韓国でよく食べられるタウナギはウナギに似ているが、海に出ることがない淡水魚で、田や流れの弱い川に生息している。主に昆虫や藻を食べる。肉食系のウナギに比べると、身が硬く、かば焼きには向かない。
ソウルではタウナギをぶつ切りにして、たれに漬け込んだ料理が出てくる。アルミホイルに載せて温めて食べる。ご飯のおかずというより、酒のつまみの色合いが強い。ソウルによくあるホルモン系の店に置かれていることが多い。
見た目はよくない。珍味系といってもいいかもしれない。しかしソウルでは存在感がある。若い女性も平気で食べるからだろうか。韓国の女性は見た目が良くない料理にも抵抗がない気がする。
■ソウルのどじょう料理は、どんな料理?
その流れだろうか。ソウルにはどじょう料理もある。これはつまみ系ではなく、ご飯と一緒に食べる料理系だという。
日本にもどじょう料理がある。日本のどじょう料理は、丸鍋ともいわれるどじょう鍋と柳川鍋がある。どじょう鍋はどじょうがまるごと入った鍋で、東京の『駒形どぜう』が有名だ。なんでも東京の郷土料理なのだという。柳川鍋はどじょうを開き、骨を抜き、卵とじにした料理だ。
日本では各地でどじょうが食べられていた。僕は長野県の松本の出身だが、子供の頃、祖父の家に行くと、朝、どじょうを買いに行かされた。近くの魚屋には、ビニール袋に入れられたどじょうが用意されていた。祖父は毎朝、このどじょうが入ったみそ汁を食べた。なんでもどじょうは目にいいといわれ、視力が衰えた祖父は、まるでそれが薬のように、毎日、どじょうのみそ汁を食べていた。
つくり方はシンプルというか、残酷というか……。熱いみそ汁に、生きたどじょうをそのまま入れるだけだった。どうじょうの表面が熱で白っぽくなる。僕は苦手だった。
日本のどじょう料理は、肉類をあまり食べなかった江戸時代、栄養がつく料理として広まったといわれている。
しかし韓国は違う。昔から肉食である。以前、朝鮮通信使の話をまとめた。朝鮮通信使というのは、室町時代から江戸時代にかけ、朝鮮王朝からやってきた外交使節団である。江戸時代、船で大阪についた使節団は、そこから歩いて江戸に向かった。幕府は手抜かりないもてなしを沿道の諸藩に命じる。滋賀県では、関ケ原の闘いに勝利した徳川家康が上洛するときに通った道を特別に朝鮮通信使に開放した。その道はいま、朝鮮人街道と呼ばれている。
多いときで500人にもなった朝鮮通信使の宿泊先や食事の手配も大変だった。宿泊先は大人数が寝ることができる寺院が多かった。
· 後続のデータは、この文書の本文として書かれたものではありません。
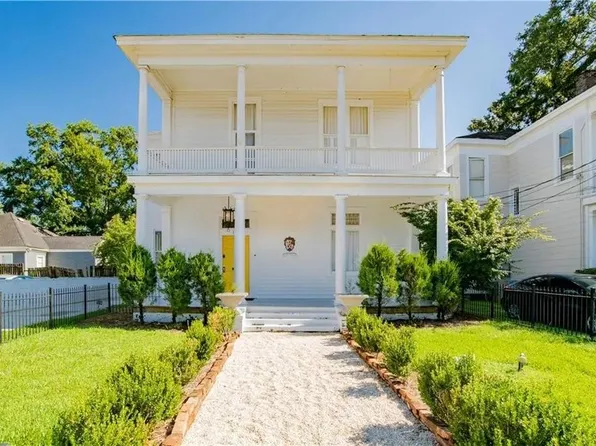 1105 Dauphin St, Mobile, AL 36604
食事も気を遣う。彼らは肉食だったからだ。江戸時代、肉類を食べることは一般的ではなかった。調理できる人も少なかったという。ある時期から朝鮮通信使には調理人が随行するようになる。しかし肉類を寺院にもち込まなくてはならない。裏口からこっそり搬入したといわれている。
朝鮮通信使の話は韓国ドラマにもなっている。イ・ヨニやチャ・スンウォン、ソ・ガンジュンらが出演した『華政(ファジョン)』が有名だ。俳優のユン・エチョンが朝鮮通信使の道を辿るドキュメンタリー番組の『李藝─最初の朝鮮通信使』もある。